Hits: 36
Patrycia Gloryanne Pasaribu
Pijar, Medan. Skripsi merupakan tugas akhir berupa karya tulis sebagai syarat kelulusan mahasiswa semester akhir untuk memperoleh gelar sarjana (S1). Dalam pengerjaannya, skripsi memiliki komponen dan kaidah yang kompleks, sehingga prosesnya memerlukan waktu yang panjang.
Mahasiswa semester akhir biasanya melakukan bimbingan dengan dosen, untuk mendiskusikan setiap proses pengerjaan skripsi yang telah ditempuh.
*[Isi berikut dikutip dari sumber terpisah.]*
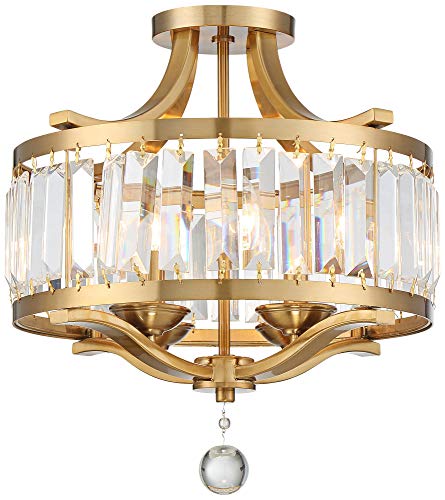 Vienna Full Spectrum Prava 16 1/2" Wide Brass And Crystal Ceiling Light - Possini Euro Design #TOP1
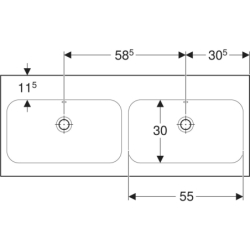iCon Light Umywalka podwójna, B120cm, H15.5cm, T48cm, z dwoma przelewami, bez otworu na baterię, KeraTect GEBERIT 501.838.00.4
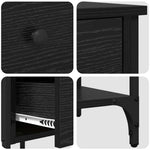 Nattbordskap Svart Eik 33,5 X 36 X 70 Cm Konstruert Tre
Walaupun begitu, terdapat beberapa mahasiswa yang ingin menempuh jalan pintas dengan menggunakan jasa joki skripsi.
Berdasarkan populix.com, joki skripsi merupakan istilah yang merujuk kepada seseorang yang menawarkan jasa pengerjaan skripsi. Skripsi tersebut akan disusun dan dikerjakan sepenuhnya oleh si “penjoki”, sehingga hasil dari jasa joki skripsi tersebut akan dibayar oleh mahasiswa bersangkutan.
Gabriella Keisha Nathania Sinaga, mahasiswi Program Studi Kesehatan Masyarakat angkatan 2021, mengungkapkan bahwa ia pernah ditawarkan menggunakan jasa tersebut. Biasanya penawaran jasa ini akan disebar melalui berbagai kanal sosial media yang bisa diakses dengan menggunakan kata kunci di mesin pencarian (search engine) yang tersedia.
“Bisa juga melalui teman-teman antar-circle ataupun organisasi. Aku sendiri pernah ditawari beberapa kali. Sebenarnya, pilihan mau memakai joki skripsi atau tidak biar jadi urusan masing-masing, yang penting tahu pro-kontranya. Namun, menurut aku fenomena ini cukup memprihatinkan, sih. Karena tujuan skripsi sendiri kan untuk menguji penerapan hardskill dan softskill selama di perkuliahan. Banyaknya penggunaan jasa ini secara tidak langsung mencerminkan bagaimana kualitas mahasiswa ke depannya,” ungkapnya.
Erwansyah, dosen Program Studi Manajemen Universitas Panca Budi, menjelaskan beberapa faktor penyebab mahasiswa menggunakan jasa tersebut, selain dari upaya untuk menempuh jalur instan.
“Beberapa faktor yang memengaruhi hal tersebut bisa dari tekanan akademik, kurangnya kepercayaan diri, manajemen waktu yang buruk, hingga lingkungan sosial. Pengalaman saya ketika mendapati kasus yang seperti ini, saya mengajaknya untuk berbicara dan memberikannya kesempatan untuk mengklarifikasi bila ada indikasi kuat. Apabila terbukti, sanksinya tegas. Skripsi dinyatakan tidak sah dan pengerjaannya di mulai dari awal berdasarkan aturan fakultas,” jelasnya.
Melihat maraknya kasus seperti ini, Erwansyah juga menyampaikan bahwasanya kalangan dosen turut menjadikan fenomena tersebut sebagai refleksi bagi mereka. Refleksi ini bertujuan untuk mampu membangun hubungan lebih dekat dengan mahasiswa, agar para mahasiswa tidak merasa sendirian dalam menyelesaikan skripsi.
“Ke depannya, saya berharap budaya akademik bisa lebih suportif dan membangun. Harapan ini bisa diupayakan dengan cara memberikan pendampingan yang lebih intensif, responsif, dan komunikatif kepada mahasiswa, serta memberikan pelatihan penulisan ilmiah atau klinik skripsi secara rutin. [Hal] yang paling penting, mahasiswa harus sadar bahwa skripsi itu bukanlah beban, melainkan kesempatan untuk berkembang. Jadi, jangan takut gagal dan takut bertanya. Walaupun proses belajar itu memang kadang melelahkan, tetapi hasilnya akan sangat memuaskan,” tutupnya.